Scherer: Gucken Sie, wenn ein Papst stirbt, oder ein neuer kommt, dann kommt zwei Wochen später das Papst-Buch raus und es ist ein Bestseller, weil es halt aktuell ist. Jetzt ist wieder ein Flugzeug vermisst worden wie damals diese malaysische Maschine. Ich glaube, wenn da zwei Wochen später ein Buch rausgekommen wäre, das gelautet hätte: Wir wissen, wo der Flieger steckt so ungefähr, das wäre ein Bestseller geworden… wenn das jemand schafft, so zeitnah Aktualität aufzugreifen, was im Verlagswesen nicht unbedingt leicht ist, dann ist das ein großer Faktor zum Bestseller.
Die meisten Bücher haben jedoch nicht unbedingt etwas mit der Aktualität zu tun, im Gegenteil: Sie verhandeln zeitlose Themen, die immer wieder neu aufbereitet und variiert werden. Wie viele Manuskripte jedes Jahr geschrieben und an die Verlage geschickt werden, kann nicht beziffert werden, es sind laut Branchenschätzungen aber hunderttausende pro Jahr. Ironisch formuliert könnte man sagen: Rein statistisch hat ein Großteil der Bevölkerung schon mal ein Manuskript verfasst. Und viele wünschen sich natürlich den großen Erfolg.
Was die Themen und Genres betrifft, so haben Lektoren und Agenten folgende Erfahrung gemacht: Im Sachbuch-Bereich werden oft Texte eingereicht, die die eigene Scheidung thematisieren oder eine Krebserkrankung. In der Belletristik schreiben Neu-Autoren und Autorinnen oft Fantasy- oder Liebesromane. Das belegt auch die Zahl der über 1200 Bücher-Blogs in Deutschland: Thematisch geht es dort überproportional um Fantasy-, Krimi-, oder Liebesromane. Auch eine Zufallsumfrage auf der Frankfurter Autorenmesse scheint dies zu bestätigen:
Umfrage: "Geht so Richtung Fantasy, Parallelwelt und so. Ist aber bislang nur eine Idee, noch nicht einmal das Exposé ist fertig. Mein erstes Buch ist zufällig ein Bestseller geworden, ich habe damals ein Sommer-Cover im Winter publiziert, "Ein Surfer zum Verlieben", das hat ein sehr farbenfrohes Cover, Klappentext war witzig, Story an sich ist auch gut, und wenn dann alles zusammenspielt, dann ist da schon mal viel getan. Ich schreib ein Buch übers Träumen, das heißt: "Wach auf!" Es ist Zeit zum Träumen, weil ich der Meinung bin, dass wir uns zu sehr darauf fokussieren, was wir nicht haben wollen und viel zu wenig auf das, was wir wollen."
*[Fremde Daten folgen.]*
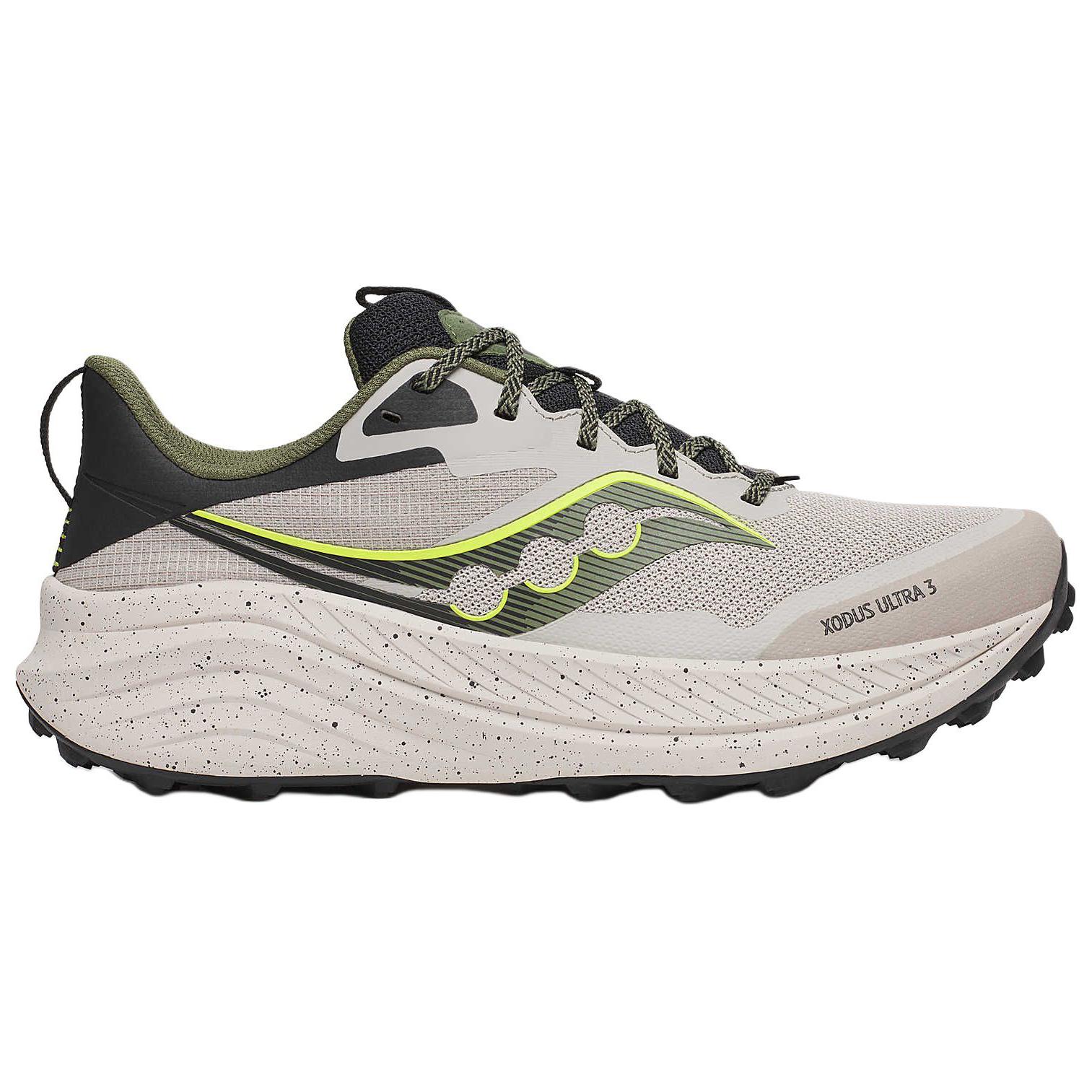 Saucony Xodus Ultra 3 Dove Olivine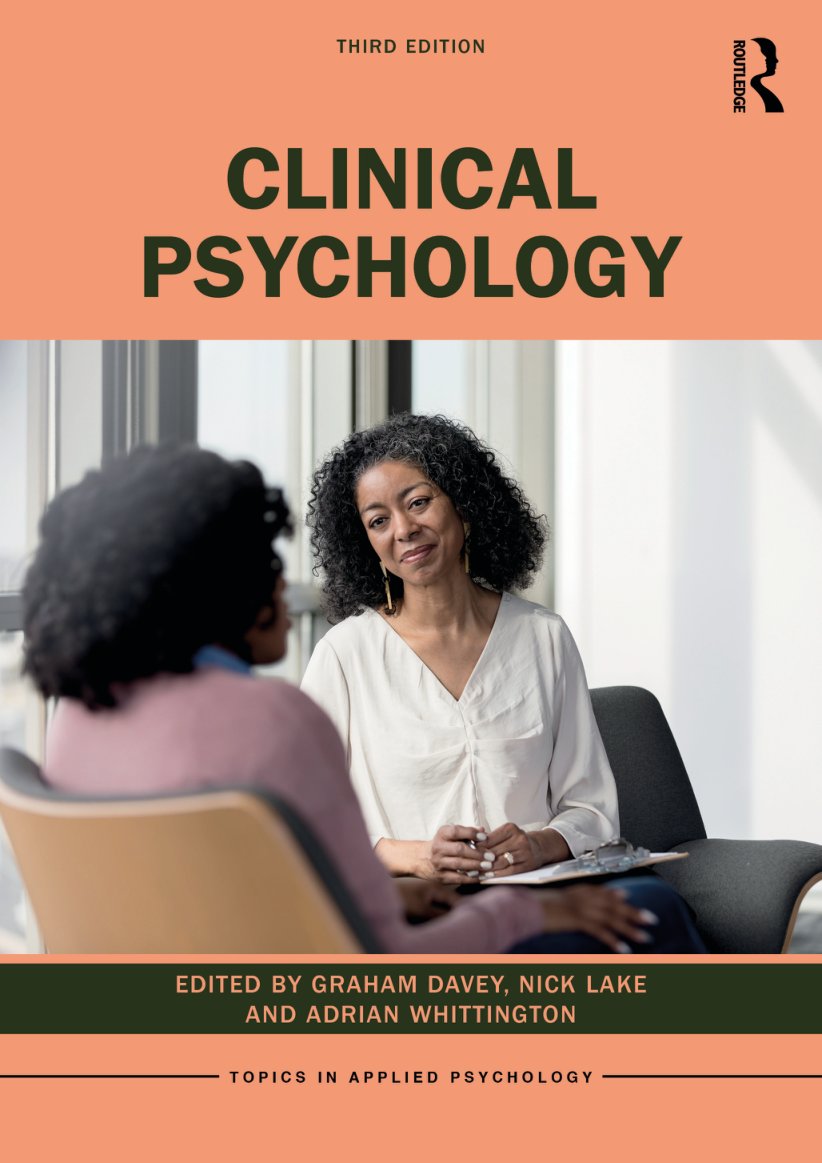 Cover of Clinical Psychology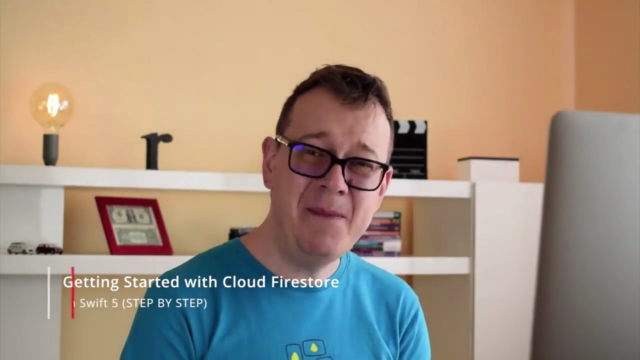 Cloud Firestore for iOS in Swift 5 Master Course – Screenshot 2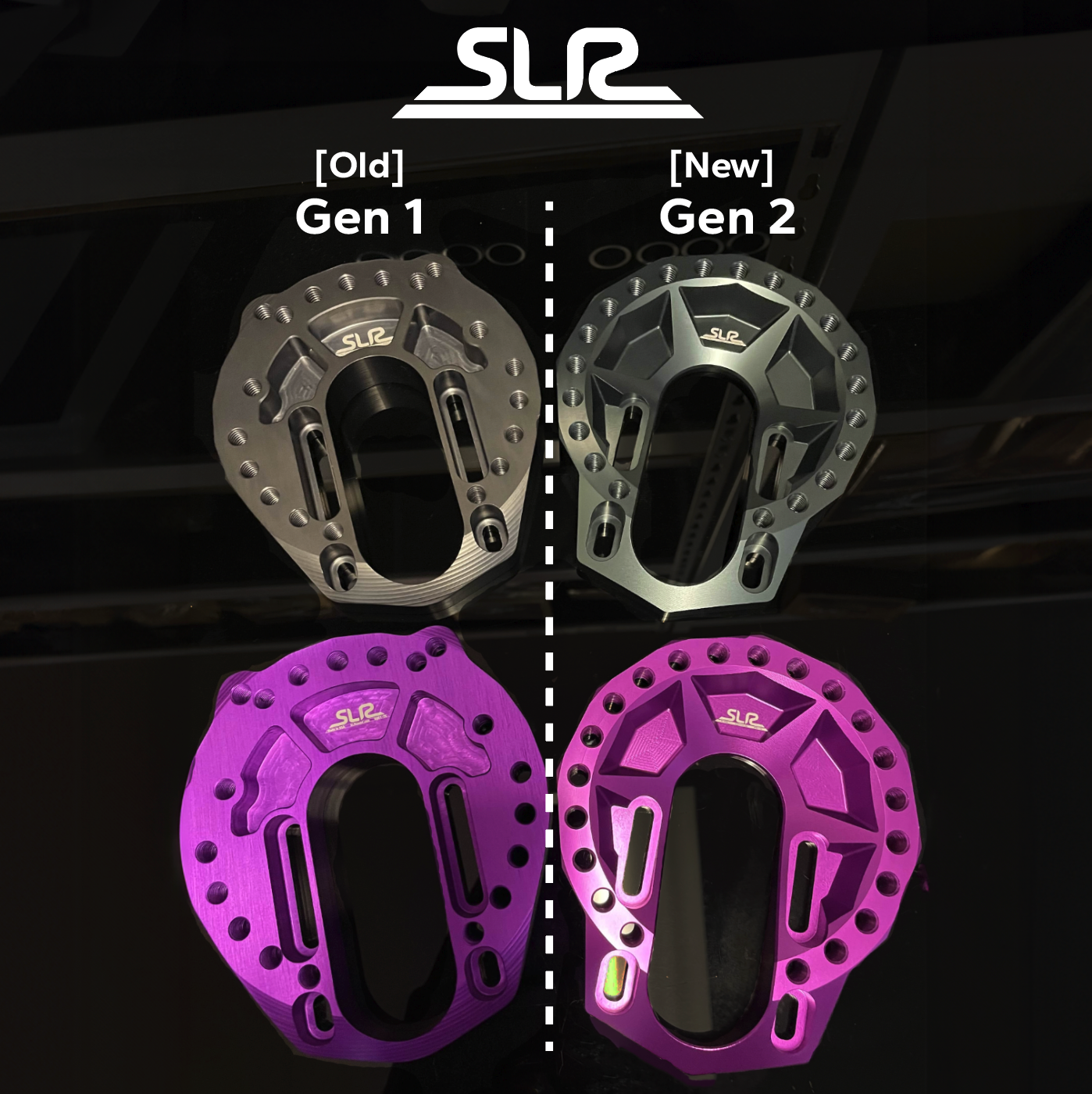 E93 BMW Adjustable Caster Camber Plates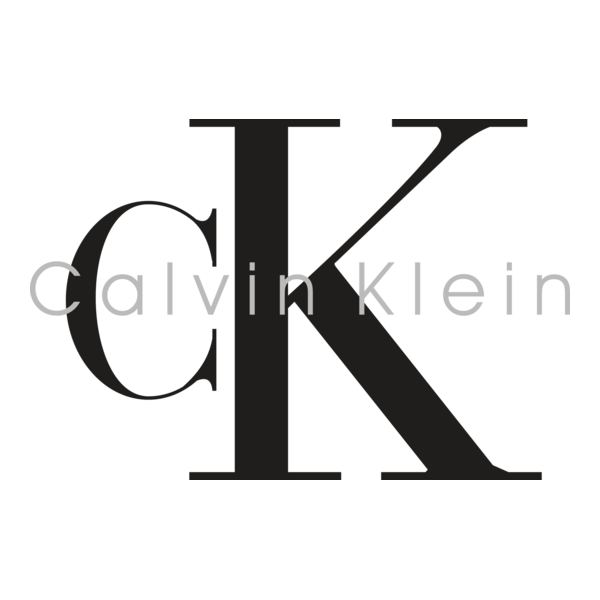Calvin Klein Logo PNG Vector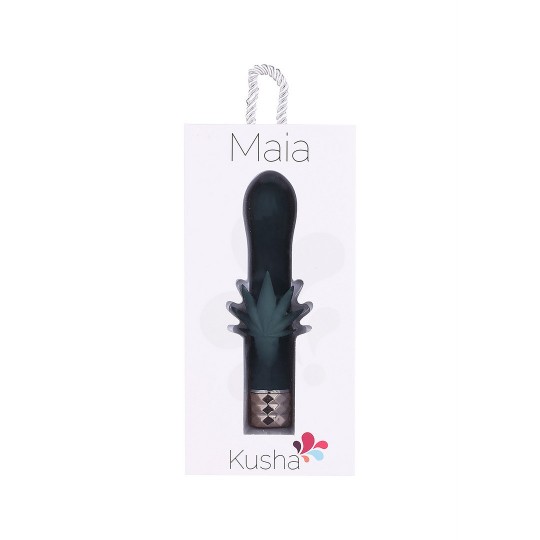 KUSHA - SILICONE VIBRATOR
All diese Ideen, Geschichten und Sujets müssen, wenn sie nicht im Self Publishing verlegt werden, durch das Nadelöhr der Lektorate in den Verlagen. Rund 90.000 Bücher werden jedes Jahr veröffentlicht. Nur ein Bruchteil davon hat nennenswerte Auflagen, geschweige denn, wird zum Bestseller. Die Hochschule für Medien, Kommunikation und Wirtschaft in Köln hat mit Studierenden ein Forschungsprojekt durchgeführt, das ganz simpel die Verkaufscharts von Amazon anhand einiger Kriterien ausgewertet hat. Das Ergebnis, knapp zusammengefasst, lautet so:
Autoren aus dem angelsächsischen Raum sind im Vorteil
Zitator: "Im Untersuchungszeitraum wurden von den 20 meistverkauften Büchern mehr als sechzig Prozent von Männern verfasst und nur 39 Prozent von Frauen. Auch was die Nationalität der Bestsellerautoren angeht, ist das statistische Bild eindeutig: Autoren, die aus dem angelsächsischen Raum kommen, sind weitaus im Vorteil. Und, noch ein Kuriosum, statistisch wäre zu raten, einen Titel zu wählen, der aus maximal drei Wörtern besteht. Über die Hälfte der Top 3- Bestseller-Bücher, haben als Titel nur drei oder weniger Wörter, zum Beispiel "Bis(s) zur Mittagsstunde". Titel mit neun Wörtern wie "Der Hundertjährige, der aus dem Fenster stieg und verschwand" sind auf der Bestsellerliste die große Ausnahme."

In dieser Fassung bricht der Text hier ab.